* _What is needed_: An exact repetition of the data below, without images, is the expected answer.

(Captioned web image data)

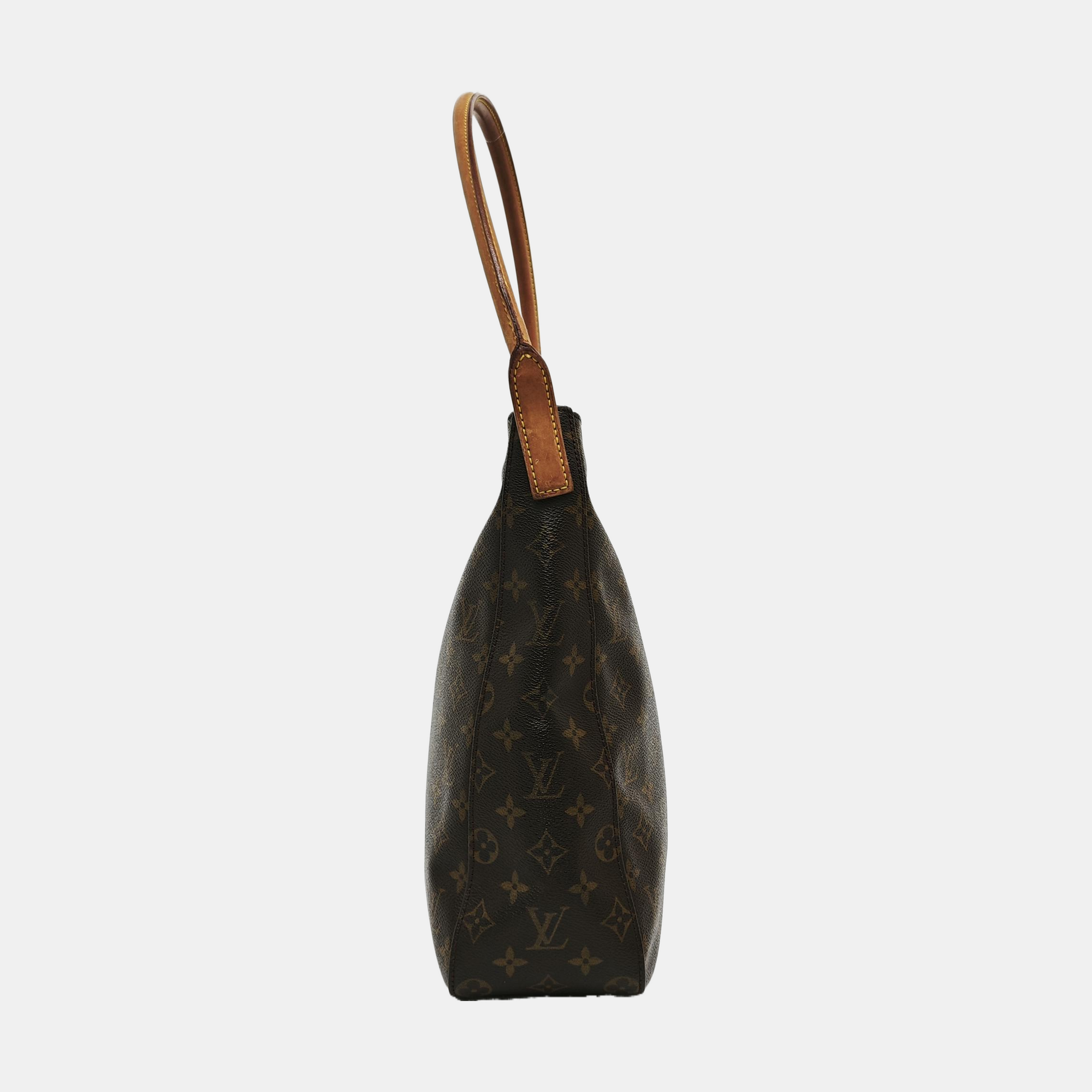 LOOPING GM Monogram Coated Canvas Brown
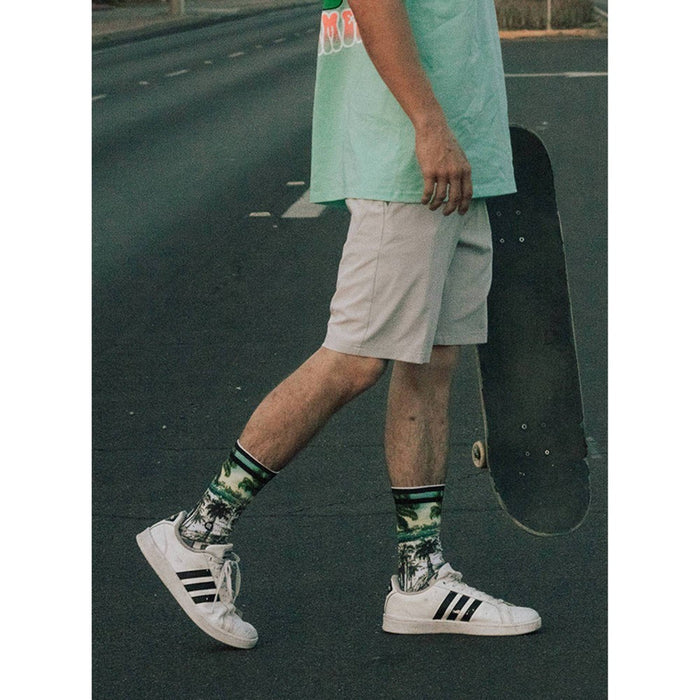 STANCE x WADE Striped Greetings Crew Socks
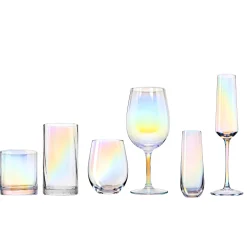 Stemless|Godinger Monterey Stemless Flute, Set of 4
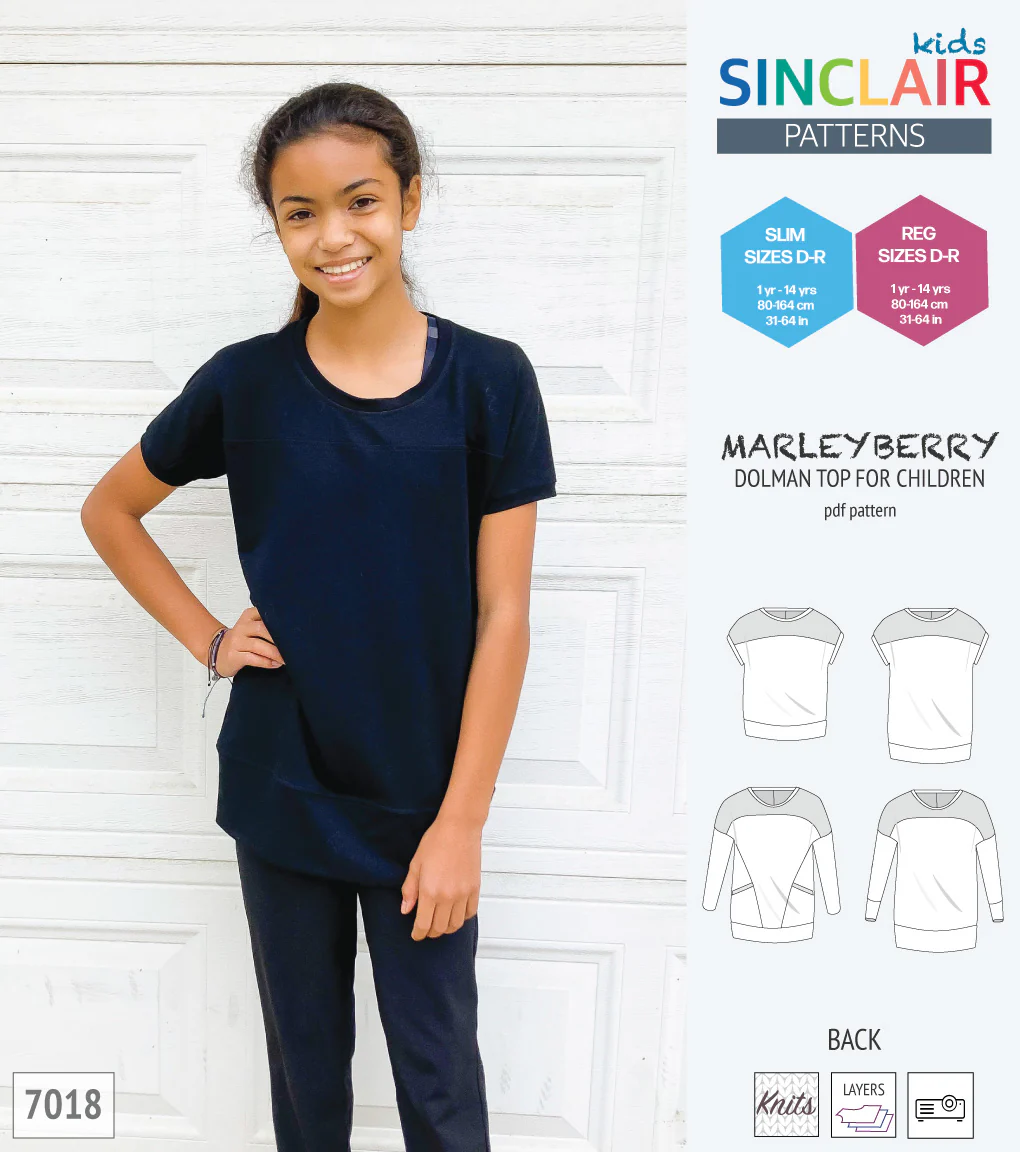 Marleyberry knit dolman top with pockets for children (PDF) - Image 17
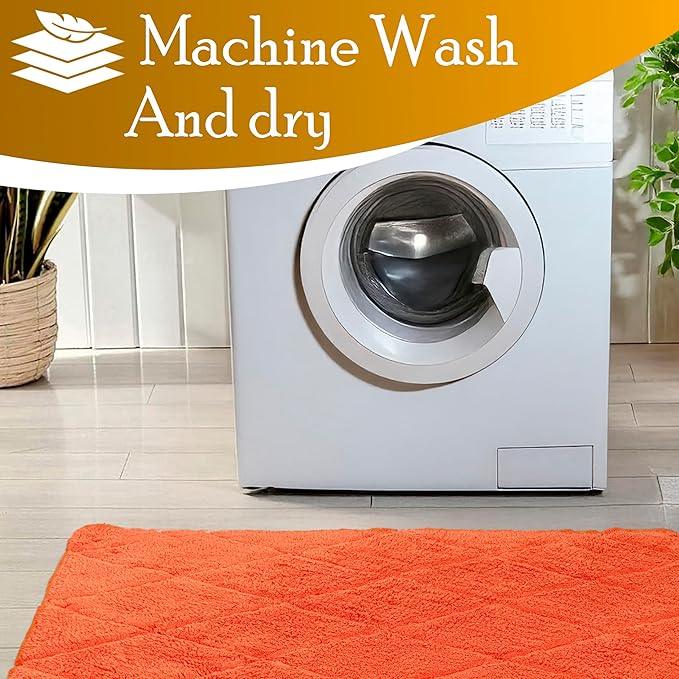 C23 Luxury Bathroom Rugs, Bath Mat - 20"x32" | 2200 GSM Tufted Cotton Bathroom Mat | Ultra-Absorbent Quick Dry, Heavyweight Non-Slip Bathmat | Thick Soft Plush Machine Washable Bath Rug - ModernBath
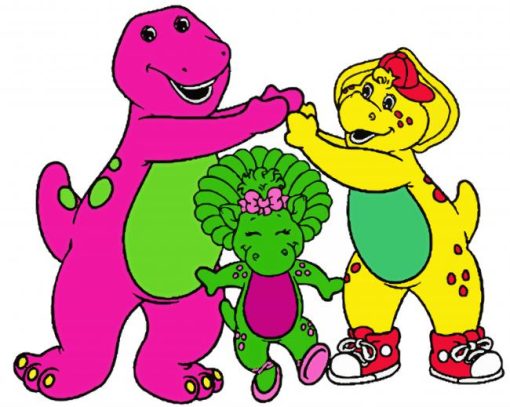 Happy Barney And Friends Diamond Paintings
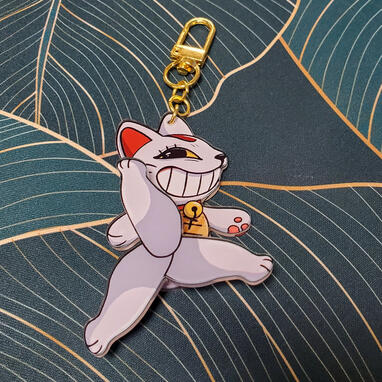 Running Lucky Cat Charm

* _Task output_:
 LOOPING GM Monogram Coated Canvas Brown
 STANCE x WADE Striped Greetings Crew Socks
 Stemless|Godinger Monterey Stemless Flute, Set of 4
 Marleyberry knit dolman top with pockets for children (PDF) - Image 17
 C23 Luxury Bathroom Rugs, Bath Mat - 20"x32" | 2200 GSM Tufted Cotton Bathroom Mat | Ultra-Absorbent Quick Dry, Heavyweight Non-Slip Bathmat | Thick Soft Plush Machine Washable Bath Rug - ModernBath
 Happy Barney And Friends Diamond Paintings
 Running Lucky Cat Charm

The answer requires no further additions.